# Required action:
Please transcribe, exactly, the line that contains "Time-Limited Genius Dark" and every line after it to the end of the records, and nothing else.

# Information shown:
_ _ _ _ _ _ _
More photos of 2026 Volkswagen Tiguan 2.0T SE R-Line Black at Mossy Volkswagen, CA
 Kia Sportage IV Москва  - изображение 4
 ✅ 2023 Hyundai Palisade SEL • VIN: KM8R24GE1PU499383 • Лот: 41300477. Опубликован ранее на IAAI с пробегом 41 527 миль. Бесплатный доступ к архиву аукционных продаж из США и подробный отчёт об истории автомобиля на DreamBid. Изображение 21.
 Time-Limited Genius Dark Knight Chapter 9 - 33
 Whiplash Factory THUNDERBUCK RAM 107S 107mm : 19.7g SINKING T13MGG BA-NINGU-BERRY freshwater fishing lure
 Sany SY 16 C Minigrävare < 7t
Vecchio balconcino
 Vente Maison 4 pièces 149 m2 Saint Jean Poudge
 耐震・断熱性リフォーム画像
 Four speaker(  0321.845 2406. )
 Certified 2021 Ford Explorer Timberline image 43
_ _ _ _ _ _ _
# Answer to this exercise:
 Time-Limited Genius Dark Knight Chapter 9 - 33
 Whiplash Factory THUNDERBUCK RAM 107S 107mm : 19.7g SINKING T13MGG BA-NINGU-BERRY freshwater fishing lure
 Sany SY 16 C Minigrävare < 7t
Vecchio balconcino
 Vente Maison 4 pièces 149 m2 Saint Jean Poudge
 耐震・断熱性リフォーム画像
 Four speaker(  0321.845 2406. )
 Certified 2021 Ford Explorer Timberline image 43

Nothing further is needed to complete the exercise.